The proposed solution here is to support a listpack encoding for sets. When a set is below some number of items or value size, the entries will just be stored as a lispack of sequential items. Once the threshold is breached, the listpack will be expanded into either an intset or a hashmap depending on the content.

Comment From: zuiderkwast

When a set is below some number of items or value size, the entries will just be stored as a lispack of sequential items. Once the threshold is breached, the listpack will be expanded into either an intset or a hashmap depending on the content.

We'd have to scan through the listpack to check if all elements are integers. For integers, I think it seems more strait-forward to start off with an intset and then convert it to either listpack or hashtable when it grows or non-integers are added. For non-integers, obviously we'll start off with a listpack and convert to hashtable when it grows large.

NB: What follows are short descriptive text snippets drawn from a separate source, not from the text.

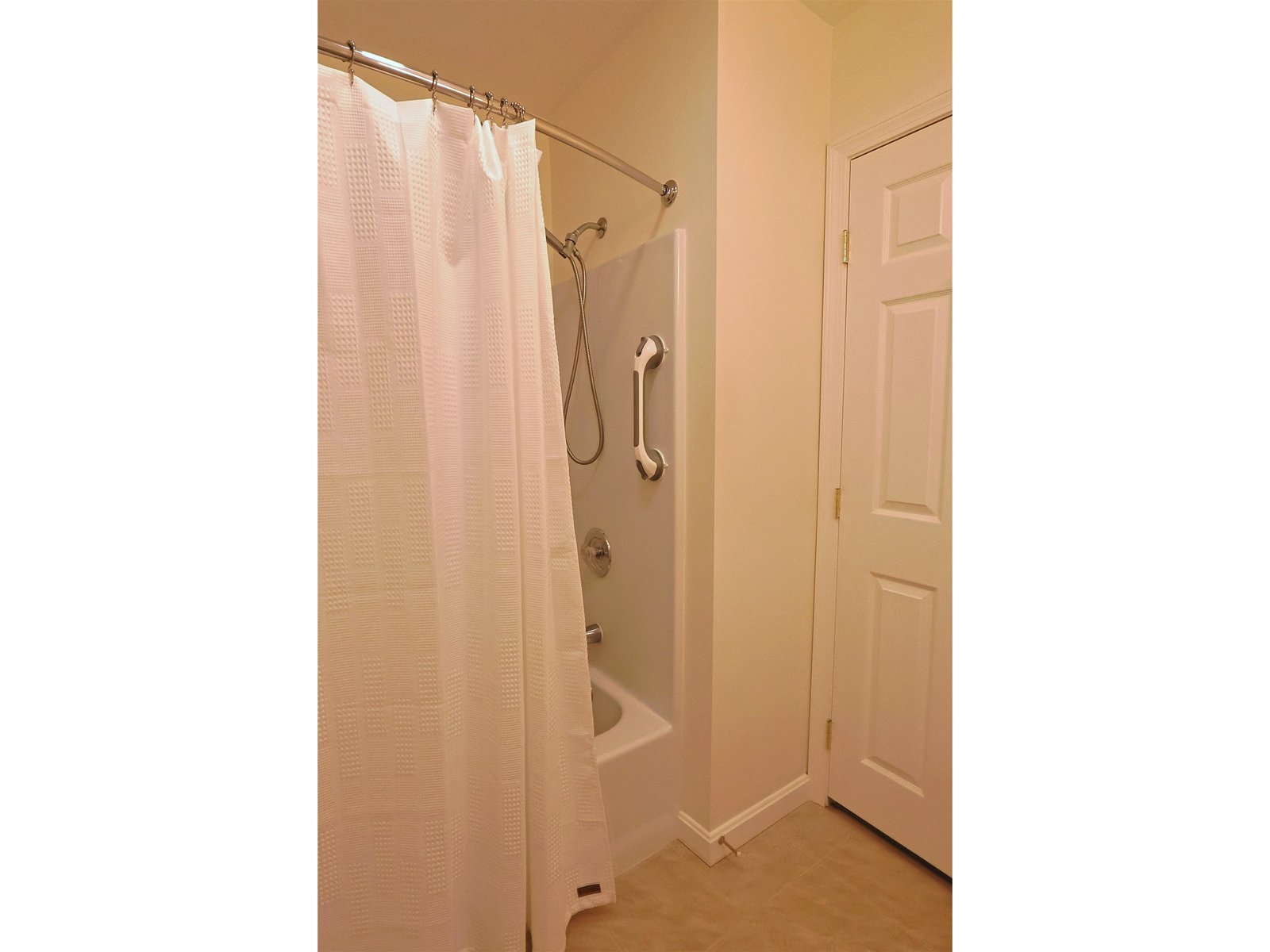 99 Heather Drive, Unit 8F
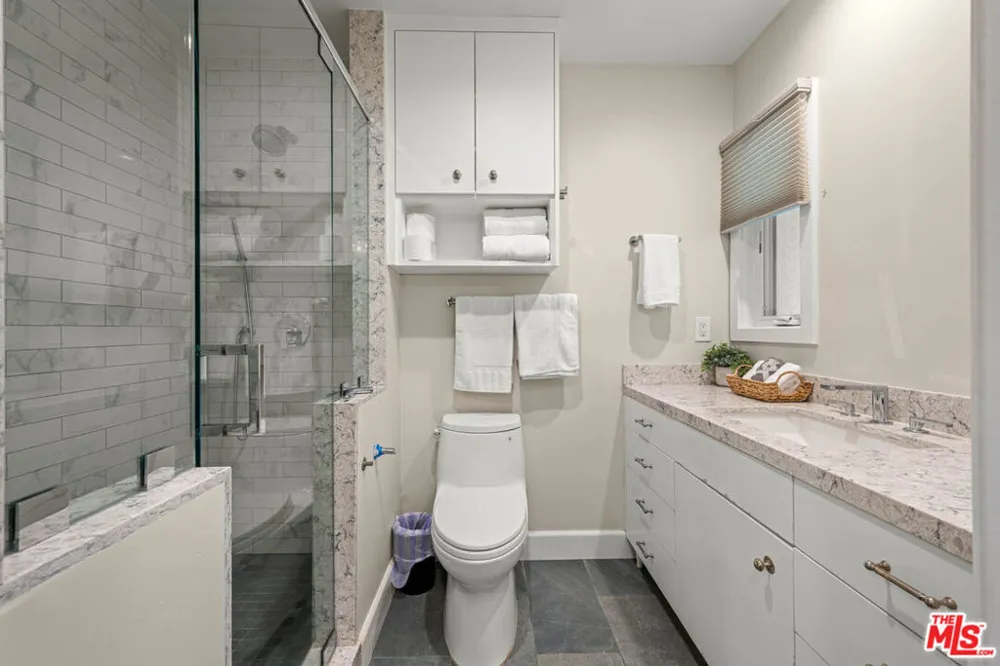 14034 Valerio Street Van Nuys, CA 91405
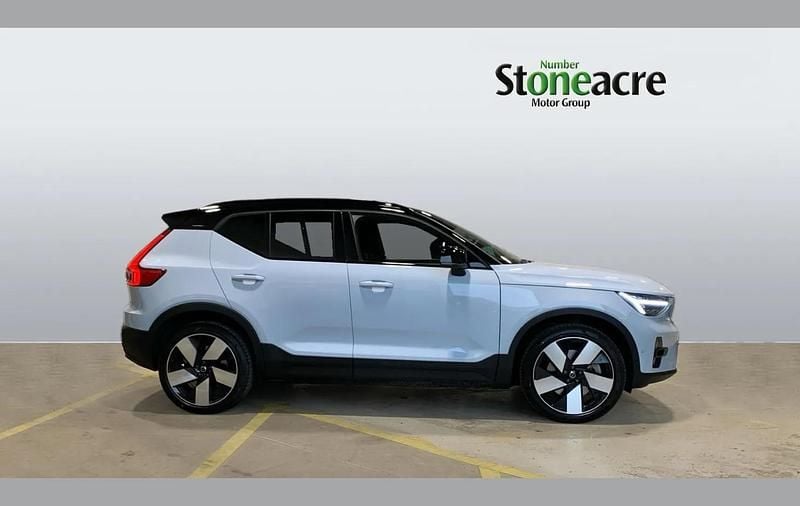 New Volvo EX40 Ultra 185 kW (252 HP) 2026 Blue SUV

Currently, we never convert a hashtable back to intset when elements are removed, so I think we don't need to convert back to listpacks. We don't do it for e.g. hashes either.

Comment From: madolson

We'd have to scan through the listpack to check if all elements are integers. For integers, I think it seems more strait-forward to start off with an intset and then convert it to either listpack or hashtable when it grows or non-integers are added. For non-integers, obviously we'll start off with a listpack and convert to hashtable when it grows large.

The scan should still be fast, but I think that either option makes sense.